Herr Everding, bis Ende letzten Jahres haben Sie sich um Factual Entertainment gekümmert, jetzt als Chef von Classica um klassische Musik. Was hat Sie an der Aufgabe gereizt?
Es gibt vier Gründe. Erstens Jan Moijto. Mit einem Überzeugungstäter und Profi wie ihm zusammenzuarbeiten, ist eine besondere Herausforderung und Freude. Der zweite Grund: Wie Factual Entertainment ist die audiovisuelle Darstellung von klassischer Musik eine thematische Nische, aber dieses Genre erreicht Millionen von Menschen auf eine besondere Art und Weise. Der dritte Grund: Für einen Sender ist das Programm entscheidend und Classica kann durch die Produktion der Unitel Classica und den jahrelang aufgebauten Programmstock vom Besten und aus dem Vollen schöpfen. Und der vierte Grund ist auch nicht zu verschweigen: Meine Leidenschaft für die klassische Musik, gewachsen aus meinen familiären Wurzeln.
Welche Erkenntnisse haben sie gewinnen können, nachdem Sie den Sender übernommen haben?
Fernsehsender befinden sich immer einer Entwicklung. Wenn man sieht, was in den vergangenen vier Jahren bei Classica an neuem Programm hinzugekommen ist und mit welchen Partnern man kooperiert, dann ist das sehr beeindruckend. Nun geht es für uns darum, den nächsten Schritt zu machen. Wir wollen dem Zuschauer noch intensiver unsere Stärken aufzeigen. Mit der neuen Programmierung, den neuen Programmformaten und der optimierten Kommunikation werden wir unserem Publikum ein Angebot machen, dass der Devise folgt: Classica ist gleich beste klassische Musik im Fernsehen.
Für wen machen Sie denn eigentlich Programm?
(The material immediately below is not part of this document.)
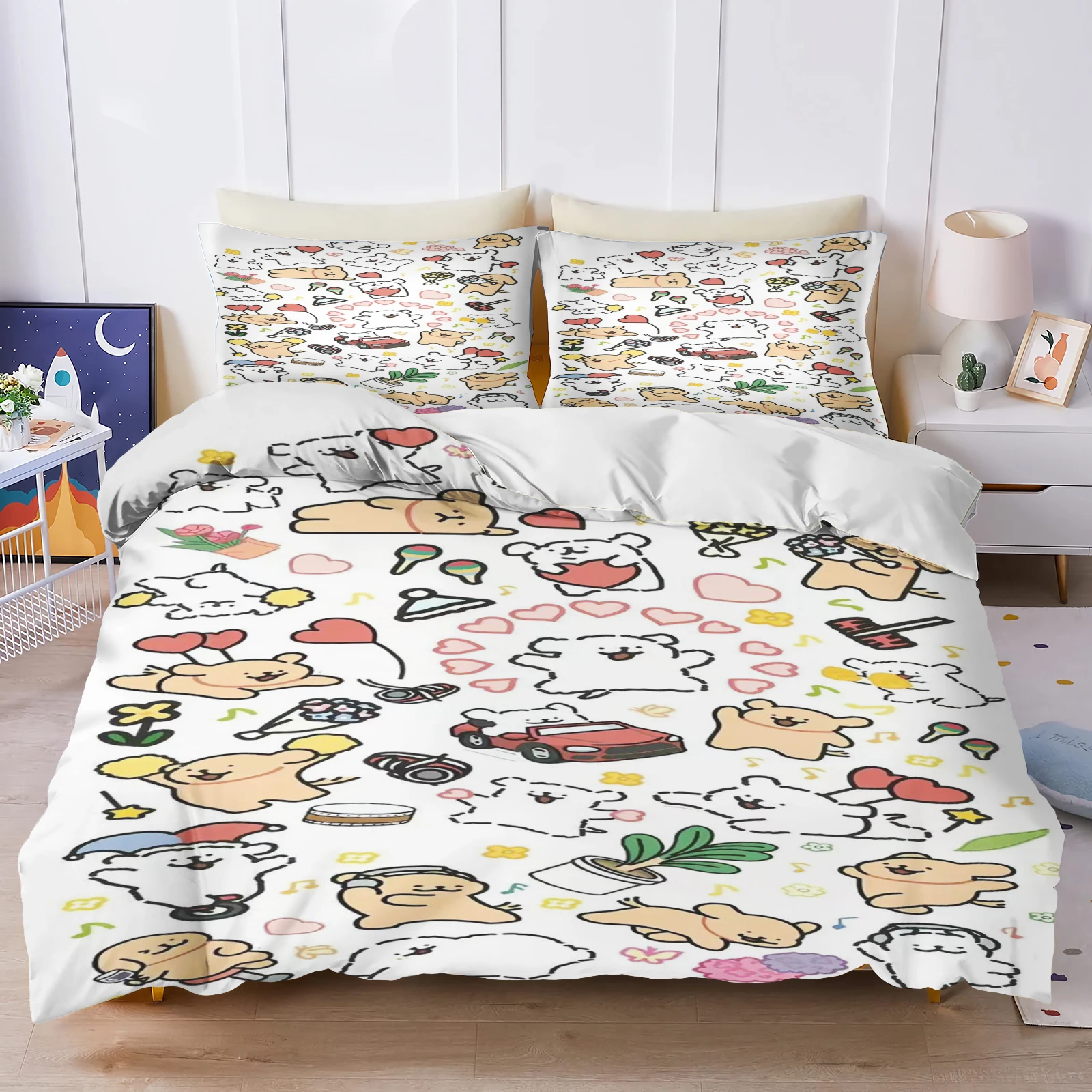 Line Puppy Duvet Cover Bedroom 3D Cute Printing Children's Gift Adult  2/3pcs Various sizes Bedding Set (Contains no fillers)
Classica wird ja international ausgestrahlt…
Es gibt sicher territoriale Unterschiede, aber bei der Klassik handelt es sich um einen internationalen Inhalt. Dadurch ist es nicht nötig, große Unterscheidungen zu machen. Wir sprechen da gerne vom Homo Classicus. Natürlich sind viele ältere Menschen unter unseren Zuschauern, aber ich bin eigentlich darüber erstaunt, wie viele Junge dabei sind. Da ist unglaublich viel Bewegung drin.
Welche Fernsehmärkte sind für Classica am wichtigsten?
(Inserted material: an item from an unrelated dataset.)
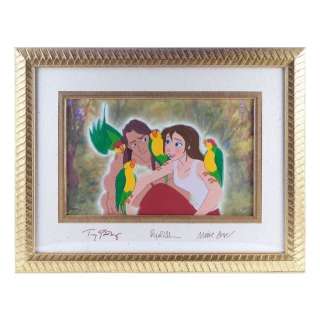Tarzan (1999) - Lot 1663 - Phil Collins, Minnie Driver, and Tony Goldwyn-Signed Framed "Discovery Of Love" Character Sericel No. 131/375 with Lithograph Background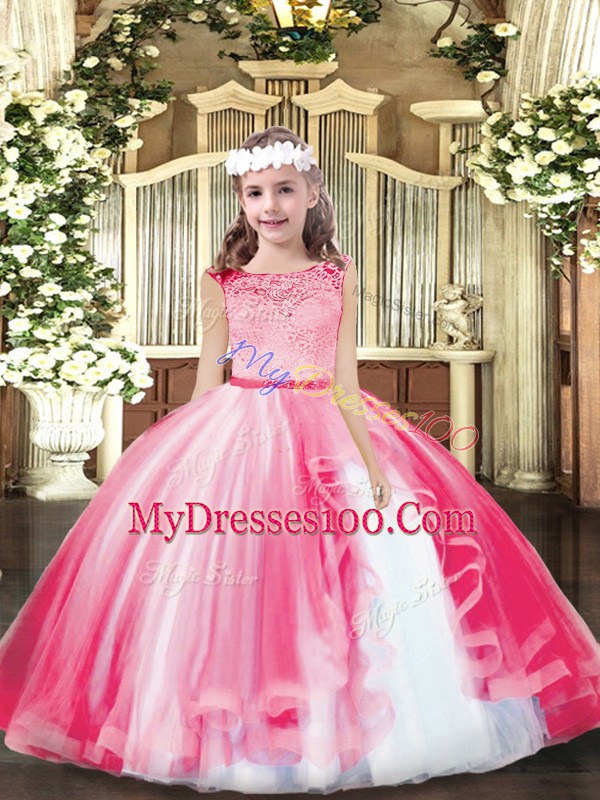 Floor Length Ball Gowns Sleeveless Pink Pageant Gowns For Girls Zipper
Der deutschsprachige Raum ist sehr wichtig, weil die Klassik dort eine besondere Bedeutung hat. Gleichzeitig ist die Entwicklung in Asien sehr spannend, und wir sind dort gut aufgestellt. Gerade Korea hat sich gut entwickelt.
Als Sie Ihren Job antraten, war zu lesen, dass es eine ihrer wichtigsten Aufgaben der Ausbau der Verbreitung sei. Meinten Sie damit den deutschen Markt oder neue internationale Märkte?
In Deutschland gibt es noch Raum zur Entwicklung. Wir sind im Moment bei Sky, Unitymedia und Entertain. In Europa sind wir in 19 Ländern verbreitet und wir schauen uns momentan vor allem an den Rändern um. Generell wollen wir Kolumbus folgen. Es ist eine unserer Hauptaufgaben, im Westen weiter zu wachsen.
Sie haben gerade ein neues Design angekündigt. Warum der Relaunch?
Wir wollen die Marke stärker positionieren. Dank klassischer Musik haben wir die einmalige Chance, unsere Zuschauer über Grenzen hinweg so emotional anzusprechen wie kaum ein anderer Sender. Meist gibt es ja z.B. Sprachbarrieren. Gleichzeitig können wir in unserer Kommunikation noch viel mehr anbieten. Die Zuschauer wollen wesentlich mehr wissen als nur die Handlung, sie wollen beispielsweise den Bühnenbildner oder den Regisseur kennenlernen. Wir wollen in einen Dialog eintreten. Genau da setzen wir auch mit dem Design an. Ab dem 28. Mai in einem neuen Kleid.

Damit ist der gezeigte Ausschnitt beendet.